8. Cero, tres, cero tres, 4, 5, 6
Si bien no hay un número definido de tweets por día, no hay que abusarse ni saturar. Si no postea casi nunca, no lo van a encontrar; 4 o 5 posts por día pueden ser adecuados. Gestionar contenidos requiere de dedicación. Puede que de a poco el exceso de twitteo empiece a ser visto -para los políticos- como algo que exigirá equilibrios, especialmente para funcionarios. Hay que seguir los temas en tiempo real (eso también es mucho tiempo). Le hará ganar más seguidores tanto como conservarlos.
9. Todo es público
Todo lo que circula en internet es público, incluso los mensajes directos. Si hay algo que no quiere que se sepa no lo publique. Es importante no negociar por Twitter.

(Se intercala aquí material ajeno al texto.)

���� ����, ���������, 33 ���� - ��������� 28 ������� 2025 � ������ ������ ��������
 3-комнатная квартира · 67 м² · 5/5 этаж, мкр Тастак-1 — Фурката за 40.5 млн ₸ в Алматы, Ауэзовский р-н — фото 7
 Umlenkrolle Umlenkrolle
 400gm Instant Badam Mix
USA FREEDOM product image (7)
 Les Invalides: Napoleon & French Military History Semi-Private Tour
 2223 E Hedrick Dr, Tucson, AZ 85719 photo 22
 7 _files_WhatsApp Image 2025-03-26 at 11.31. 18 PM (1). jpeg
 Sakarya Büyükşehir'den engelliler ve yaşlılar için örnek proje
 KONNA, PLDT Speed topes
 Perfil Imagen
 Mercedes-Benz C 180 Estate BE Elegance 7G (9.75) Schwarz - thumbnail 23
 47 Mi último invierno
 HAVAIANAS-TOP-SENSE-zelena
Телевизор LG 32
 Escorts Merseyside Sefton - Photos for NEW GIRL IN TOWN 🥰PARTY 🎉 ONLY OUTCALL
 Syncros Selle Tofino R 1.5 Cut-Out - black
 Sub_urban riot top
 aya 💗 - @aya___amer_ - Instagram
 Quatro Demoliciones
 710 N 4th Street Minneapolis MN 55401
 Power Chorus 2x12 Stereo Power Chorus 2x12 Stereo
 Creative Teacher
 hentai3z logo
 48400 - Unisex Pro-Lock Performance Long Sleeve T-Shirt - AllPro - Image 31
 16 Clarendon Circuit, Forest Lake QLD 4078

No tentarse a tomar posición en un conflicto o crisis y expandir las arenas de una discusión que debiera darse de modo reservado.
10. Cosas que sí, cosas que no
Debatir en Twitter trae dolor de cabeza. Discusiones complejas en 140 caracteres resultan complicadas y algunas veces estériles. Puede dar una opinión, pero debatir con profundidad puede perjudicar en vez de ayudar.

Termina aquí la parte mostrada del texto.